By: James Ochoa – Student Journalist
Our teachers have always told us that America is this place is a land of opportunity, where people from all over the world come in search of this so-called American dream, but when the same kind of people always talk about being American, it always goes back to how much you can talk, walk and act like a white guy.
It is because of this reason of why I personally, I have never purely identified as an American. Not once. There is a word from back home that describes American-born Filipinos like me – Amboy. It’s a short portmanteau combining the words and meaning “American Boy” – one that you hope would take you on a trip someday because he’s from New York, or LA. Estelle aside, our bread and butter is not pan de sal and star margarine, rather bagels with Taylor ham, bacon and eggs. You know the deal.

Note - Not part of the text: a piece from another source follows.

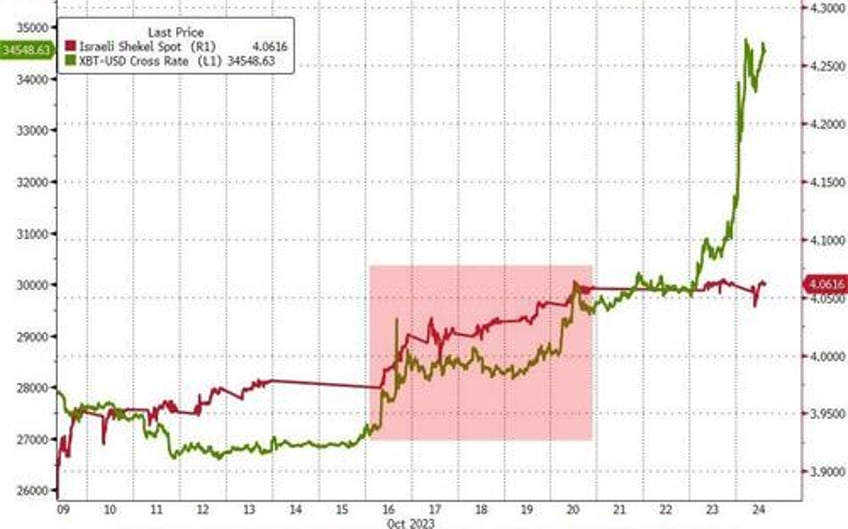 bitcoin tops 35000 6 potential catalysts for the sudden crypto craze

This syndrome revolves around every immigrant group. For example, Tony Soprano (may God rest the soul of James Gandolfini) famously cited that he didn’t like to associate with Italian-Americans that he identified as “merigan”, someone that “eats his Sunday gravy out of a jar.”
Among Filipino Americans in America, there is a term for this kind of assimilation – whitewashed. I was called that, many of my friends, family and acquaintances were called that and if you are anything besides pure, unadulterated and unpasteurized WASP-white, probably you too.
Me? I first became familiar with the term whitewashed back in middle school because I was called that. The reasoning? I hung out with white kids instead of the cohort of other Filipino and Asian students.
You see how stupid this is?
Whether you claim to be “cultured” or not, you cannot deny the fact that people are of the background that they are. The Filipino-American experience is not just one idea or story; mine is part of a web that consists of a rich history that stretches multiple generations.
It’s not about how much Tagalog you speak, pinakbet you shovel in your mouth or if you have AJ Rafael or James Reid in your Spotify playlists; the Filipino in your blood bleeds as red as ours.
When I visited the Philippines for the first time in 2019, I was surprised at how accepting my relatives and other Filipinos that I encountered were. I was curious about my home, and they were curious of what it is like to live in America; a true cultural exchange to me because I didn’t feel any judgement.
Up until this time, there were points in my life where I really doubted the existence of my identity, whether the Filipino in me is just a label or something that I fall back on just to feel safe; especially during times where the American part fails me culturally and sociopolitically.
It finally dawned on me; they’re just like me. We might not speak the same language nor do we have the same life experiences, but we have the ability to be curious and willing to learn about each other.
That is why I am proud to say Amboy ako.
I am an Amboy. There is nothing wrong about calling myself that and my Filipino American experience is just as important as anyone else’s.
On this FIlipino American History Month, we can celebrate the fact that Filipino Americans have made so much prominence and progress. People like Olivia Rodrigo breaking through in pop music, Darren Criss on screen, Neek Lurk with streetwear and so on and so forth, but we tend to focus too much on people and their achievements and fail to recognize the nuances in their lives as well.
Even if you are not Filipino American, take some time to look back, reflect and learn about how your identity has had a presence in your life and how the ethnic blood you carry influences it at all. You might surprise yourself.
Happy Filipino American History Month! Ingat.